Instructions for the task:
When you reach the line containing "In this video I" in the records below, start copying exactly, and stop once you have copied the line containing "And then once".

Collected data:
*** Block opens ***

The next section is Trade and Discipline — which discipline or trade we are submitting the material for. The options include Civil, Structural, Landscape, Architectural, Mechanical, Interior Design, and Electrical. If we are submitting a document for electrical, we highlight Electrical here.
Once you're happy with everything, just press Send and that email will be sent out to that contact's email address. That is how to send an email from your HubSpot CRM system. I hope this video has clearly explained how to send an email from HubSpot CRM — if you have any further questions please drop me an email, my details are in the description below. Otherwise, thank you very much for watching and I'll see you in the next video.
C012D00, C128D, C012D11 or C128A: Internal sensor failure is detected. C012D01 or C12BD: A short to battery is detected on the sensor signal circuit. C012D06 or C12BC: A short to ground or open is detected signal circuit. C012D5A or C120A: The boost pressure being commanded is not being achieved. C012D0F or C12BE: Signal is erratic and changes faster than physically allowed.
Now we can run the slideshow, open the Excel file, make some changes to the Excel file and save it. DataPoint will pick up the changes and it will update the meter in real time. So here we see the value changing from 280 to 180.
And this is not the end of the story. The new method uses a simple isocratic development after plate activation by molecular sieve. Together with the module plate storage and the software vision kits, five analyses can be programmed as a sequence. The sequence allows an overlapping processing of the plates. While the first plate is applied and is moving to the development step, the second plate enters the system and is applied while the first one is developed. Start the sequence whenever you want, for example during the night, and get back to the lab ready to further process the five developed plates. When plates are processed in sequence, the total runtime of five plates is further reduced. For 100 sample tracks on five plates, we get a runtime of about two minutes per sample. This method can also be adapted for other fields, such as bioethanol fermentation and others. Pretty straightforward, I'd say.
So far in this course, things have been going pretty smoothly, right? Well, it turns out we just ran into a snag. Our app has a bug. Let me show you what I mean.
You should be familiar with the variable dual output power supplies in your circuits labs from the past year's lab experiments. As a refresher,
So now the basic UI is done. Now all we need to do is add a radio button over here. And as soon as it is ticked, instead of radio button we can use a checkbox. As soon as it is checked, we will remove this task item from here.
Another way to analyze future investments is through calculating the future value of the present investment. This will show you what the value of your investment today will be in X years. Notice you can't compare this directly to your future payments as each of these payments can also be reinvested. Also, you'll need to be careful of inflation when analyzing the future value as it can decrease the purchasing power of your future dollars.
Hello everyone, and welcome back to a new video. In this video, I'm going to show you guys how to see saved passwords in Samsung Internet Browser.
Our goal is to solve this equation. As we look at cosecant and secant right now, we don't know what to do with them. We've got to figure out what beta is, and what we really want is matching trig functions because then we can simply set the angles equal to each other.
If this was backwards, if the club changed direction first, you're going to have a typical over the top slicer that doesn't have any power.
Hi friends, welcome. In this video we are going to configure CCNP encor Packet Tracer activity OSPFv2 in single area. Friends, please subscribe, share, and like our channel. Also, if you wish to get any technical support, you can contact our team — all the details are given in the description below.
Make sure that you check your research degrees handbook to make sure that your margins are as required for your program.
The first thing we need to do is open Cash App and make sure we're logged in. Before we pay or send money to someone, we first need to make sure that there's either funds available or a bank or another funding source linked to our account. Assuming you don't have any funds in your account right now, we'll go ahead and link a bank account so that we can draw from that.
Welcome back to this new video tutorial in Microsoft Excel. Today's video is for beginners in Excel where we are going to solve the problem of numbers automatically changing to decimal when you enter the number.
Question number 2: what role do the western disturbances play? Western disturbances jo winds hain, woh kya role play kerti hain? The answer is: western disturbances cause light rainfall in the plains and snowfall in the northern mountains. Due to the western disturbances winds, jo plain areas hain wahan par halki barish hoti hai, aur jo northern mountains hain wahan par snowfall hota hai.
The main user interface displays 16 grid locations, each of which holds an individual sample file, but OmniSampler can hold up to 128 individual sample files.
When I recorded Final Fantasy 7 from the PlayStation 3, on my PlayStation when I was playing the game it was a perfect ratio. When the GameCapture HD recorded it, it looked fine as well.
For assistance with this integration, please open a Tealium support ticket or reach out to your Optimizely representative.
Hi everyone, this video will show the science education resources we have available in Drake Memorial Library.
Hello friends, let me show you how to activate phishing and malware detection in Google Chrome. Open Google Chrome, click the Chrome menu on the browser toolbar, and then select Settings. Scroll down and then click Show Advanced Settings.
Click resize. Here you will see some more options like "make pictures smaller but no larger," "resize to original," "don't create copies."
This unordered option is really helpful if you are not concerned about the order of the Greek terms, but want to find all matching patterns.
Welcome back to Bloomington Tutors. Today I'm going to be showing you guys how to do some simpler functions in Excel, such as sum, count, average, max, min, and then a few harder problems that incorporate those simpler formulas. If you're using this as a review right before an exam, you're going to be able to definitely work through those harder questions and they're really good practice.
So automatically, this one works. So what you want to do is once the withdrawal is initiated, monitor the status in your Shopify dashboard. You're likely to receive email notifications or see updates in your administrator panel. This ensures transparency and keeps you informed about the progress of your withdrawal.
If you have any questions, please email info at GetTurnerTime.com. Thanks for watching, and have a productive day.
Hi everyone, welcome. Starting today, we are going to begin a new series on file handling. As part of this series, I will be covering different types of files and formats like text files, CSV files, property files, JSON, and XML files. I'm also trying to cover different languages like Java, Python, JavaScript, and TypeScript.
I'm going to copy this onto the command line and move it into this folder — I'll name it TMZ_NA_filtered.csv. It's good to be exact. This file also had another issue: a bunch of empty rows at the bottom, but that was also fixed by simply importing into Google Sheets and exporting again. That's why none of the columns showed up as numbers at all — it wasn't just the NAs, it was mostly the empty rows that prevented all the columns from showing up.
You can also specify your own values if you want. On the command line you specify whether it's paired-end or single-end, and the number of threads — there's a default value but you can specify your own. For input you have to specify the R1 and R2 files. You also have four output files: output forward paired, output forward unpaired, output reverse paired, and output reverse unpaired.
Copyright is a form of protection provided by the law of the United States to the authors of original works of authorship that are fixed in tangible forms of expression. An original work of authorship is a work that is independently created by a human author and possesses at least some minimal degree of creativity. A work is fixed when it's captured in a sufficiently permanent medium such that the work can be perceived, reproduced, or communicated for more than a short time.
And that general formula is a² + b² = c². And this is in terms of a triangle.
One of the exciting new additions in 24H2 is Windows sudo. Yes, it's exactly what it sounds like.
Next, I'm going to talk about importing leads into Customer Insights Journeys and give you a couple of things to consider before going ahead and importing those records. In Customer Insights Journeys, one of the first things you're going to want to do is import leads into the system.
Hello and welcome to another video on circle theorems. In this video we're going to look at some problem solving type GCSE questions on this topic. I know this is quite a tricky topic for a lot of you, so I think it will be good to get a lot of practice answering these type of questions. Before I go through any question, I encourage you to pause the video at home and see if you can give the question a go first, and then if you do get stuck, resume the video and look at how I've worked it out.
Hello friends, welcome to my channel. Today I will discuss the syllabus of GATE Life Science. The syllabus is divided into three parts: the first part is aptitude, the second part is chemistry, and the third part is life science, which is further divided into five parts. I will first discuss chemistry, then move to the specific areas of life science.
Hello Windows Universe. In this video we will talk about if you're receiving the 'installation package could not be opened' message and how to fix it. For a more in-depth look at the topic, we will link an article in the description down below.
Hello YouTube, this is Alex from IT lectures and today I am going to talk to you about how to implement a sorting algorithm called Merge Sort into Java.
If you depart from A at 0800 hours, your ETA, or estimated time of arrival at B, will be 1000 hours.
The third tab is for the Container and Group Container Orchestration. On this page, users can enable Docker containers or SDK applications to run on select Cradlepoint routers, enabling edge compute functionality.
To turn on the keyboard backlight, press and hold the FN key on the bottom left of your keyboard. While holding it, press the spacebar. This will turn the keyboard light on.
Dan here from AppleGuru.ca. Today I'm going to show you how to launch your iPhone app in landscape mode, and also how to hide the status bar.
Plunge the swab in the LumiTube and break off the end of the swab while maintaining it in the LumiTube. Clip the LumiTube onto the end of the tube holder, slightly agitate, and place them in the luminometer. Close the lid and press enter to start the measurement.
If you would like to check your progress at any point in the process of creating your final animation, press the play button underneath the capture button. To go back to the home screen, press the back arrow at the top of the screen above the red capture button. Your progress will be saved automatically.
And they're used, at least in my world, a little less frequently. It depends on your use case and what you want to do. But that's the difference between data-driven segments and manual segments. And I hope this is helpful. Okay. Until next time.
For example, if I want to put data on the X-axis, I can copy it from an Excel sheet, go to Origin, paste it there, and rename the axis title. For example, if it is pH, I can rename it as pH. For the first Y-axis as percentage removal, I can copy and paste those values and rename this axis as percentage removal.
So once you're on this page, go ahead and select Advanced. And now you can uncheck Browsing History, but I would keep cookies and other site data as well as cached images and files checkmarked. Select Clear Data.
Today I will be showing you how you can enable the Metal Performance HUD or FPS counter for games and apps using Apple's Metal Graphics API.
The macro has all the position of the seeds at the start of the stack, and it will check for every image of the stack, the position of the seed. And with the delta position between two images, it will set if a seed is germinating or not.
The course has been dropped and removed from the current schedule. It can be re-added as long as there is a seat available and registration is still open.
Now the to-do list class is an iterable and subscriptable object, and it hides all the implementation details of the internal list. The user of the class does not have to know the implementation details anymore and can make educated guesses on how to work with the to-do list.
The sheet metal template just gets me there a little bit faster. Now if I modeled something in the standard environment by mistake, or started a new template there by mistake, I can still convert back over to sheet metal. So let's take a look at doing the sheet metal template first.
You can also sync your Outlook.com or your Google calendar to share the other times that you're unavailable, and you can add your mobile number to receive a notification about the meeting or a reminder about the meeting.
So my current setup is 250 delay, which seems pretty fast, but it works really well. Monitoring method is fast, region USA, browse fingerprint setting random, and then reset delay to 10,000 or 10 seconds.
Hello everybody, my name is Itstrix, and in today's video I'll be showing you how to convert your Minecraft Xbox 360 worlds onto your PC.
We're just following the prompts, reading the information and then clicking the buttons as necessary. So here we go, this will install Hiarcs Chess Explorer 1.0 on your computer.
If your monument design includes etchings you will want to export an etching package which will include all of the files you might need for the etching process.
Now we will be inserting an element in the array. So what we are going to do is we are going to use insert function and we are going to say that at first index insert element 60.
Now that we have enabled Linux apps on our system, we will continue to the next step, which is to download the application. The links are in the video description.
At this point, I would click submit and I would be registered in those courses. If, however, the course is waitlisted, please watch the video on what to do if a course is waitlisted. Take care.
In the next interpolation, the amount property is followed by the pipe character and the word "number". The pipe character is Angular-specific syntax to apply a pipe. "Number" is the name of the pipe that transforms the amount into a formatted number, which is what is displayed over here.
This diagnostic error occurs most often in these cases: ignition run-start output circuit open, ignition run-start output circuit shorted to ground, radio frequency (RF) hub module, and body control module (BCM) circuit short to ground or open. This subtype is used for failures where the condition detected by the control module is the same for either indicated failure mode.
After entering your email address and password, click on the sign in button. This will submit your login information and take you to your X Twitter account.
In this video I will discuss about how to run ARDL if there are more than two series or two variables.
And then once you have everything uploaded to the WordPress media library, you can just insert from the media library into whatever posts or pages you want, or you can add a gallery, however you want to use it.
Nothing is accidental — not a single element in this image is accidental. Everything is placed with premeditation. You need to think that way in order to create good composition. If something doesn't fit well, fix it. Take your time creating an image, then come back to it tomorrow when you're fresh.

*** Block closes ***

Answer box:
In this video I will discuss about how to run ARDL if there are more than two series or two variables.
And then once you have everything uploaded to the WordPress media library, you can just insert from the media library into whatever posts or pages you want, or you can add a gallery, however you want to use it.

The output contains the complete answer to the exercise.